“À ciel ouvert” e os 30 anos do Courtil
Ana Martha Maia (EBP/AMP)
Sábado, 14 de setembro de 2013. Na pequena e
bucólica cidade de Tournai (Bélgica), o lançamento de um documentário reuniu
mais de 500 pessoas. No hall, certa
alegria no ar, durante o tempo de espera para a entrada. A grande sala do
cinema Imagix estava cheia. Crianças, famílias,
profissionais e amigos do Courtil foram convidados para esta primeira projeção de
À ciel ouvert, de Mariana Otero, filmado
em 2012. Seguida de um debate e um cocktail,
foi um dia de dupla comemoração, pelo fascinante resultado do trabalho de
Mariana e os 30 anos do Courtil!
Foi
uma curiosidade sobre o enigma da loucura que levou Mariana a pensar este filme
e escolher realizá-lo no Courtil, embora tivesse constatado, desde a primeira
reunião com os coordenadores da instituição, que ali nada encontraria com este
nome. Surpreendeu-se com o fato de que ao invés de um déficit, eles se referem a diferentes estruturas, como se cada um
tivesse uma língua própria, enquanto a maioria das pessoas, uma língua comum. No
início, Mariana não entendia nada do que diziam, sequer o que faziam neste
lugar, tanto as crianças e jovens, quantos os intervenientes. No entanto, com o
tempo, há uma mudança em seu olhar. E À ciel ouvert é o
resultado disso, um filme que captura o olhar do espectador.
Durante
esta exibição privada do documentário, eu literalmente não tirei os olhos da
tela. Através do olhar-câmara de Mariana, eu me senti participando do dia-a-dia
da instituição. A cozinha, as portas, as paredes, o jardim, a minhoca na mão da
menina, o trabalho no Ateliê do semblante, a música, o que se diz no silêncio
das palavras não ditas, o invisível do olhar... Mariana consegue estar intimamente
com as crianças e intervenientes em uma presença que, longe de ser invasora, ao
mesmo tempo mantém a distância necessária que a possibilita escolher, entre as
180 horas de gravação, as cenas do cotidiano que deseja compartilhar com o
espectador. Atenta ao modo singular com que o sujeito lida com o próprio corpo
e o outro no autismo e na psicose, mesmo sem nada saber sobre isso, ela decide
não trabalhar com seu engenheiro de som e amarra uma câmera em seu corpo, com
um sistema leve e flexível que jamais havia utilizado. Com um “corpo-câmera”,
Mariana se torna uma interveniente entre os outros, e o que mais me surpreende
em seu documentário é que ela consegue transmitir o que é impossível de
mostrar: o que é da ordem da contingência, do imprevisto, do encontro, da
invenção singular que surge de forma inesperada. Através de
Jean-Hugues, Alysson, Evanne e Amina, assim como todos os que trabalham no
Courtil, seu filme testemunha viva e poeticamente os efeitos da
psicanálise de orientação lacaniana no tratamento do autismo.

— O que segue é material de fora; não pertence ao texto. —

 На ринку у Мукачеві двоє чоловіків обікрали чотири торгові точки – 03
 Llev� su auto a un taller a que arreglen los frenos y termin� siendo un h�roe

Após a exibição, Alexandre
Stevens animou um debate muito especial, aberto à plateia, em que participaram
Dominique Holvoet, Bernard Seynhaeve, Véronique Mariage, Bruno de Halleux, Philippe Hellebois, entre tantos outros, momento também do impactante
testemunho de uma mãe sobre os efeitos recolhidos do trabalho que o filho tem
realizado no Courtil. Depois do cocktail em uma das salas do cinema, a
comemoração pelos 30 anos da instituição prosseguiu com um delicioso jantar e a
festa no Collège Notre-Dame, com direito a um grande bolo flamejante,
discursos, muitas palmas e boa música para dançar.
Para completar, no final do ano, a publicação de “À ciel ouvert, entretiens – Le Courtil,
l’invention au quotidien” (Édition Buddy Movies, 2013). O filme, a festa e
o livro marcam, assim, o tempo de trabalho desta prática original da
psicanálise aplicada que tem muito a nos transmitir.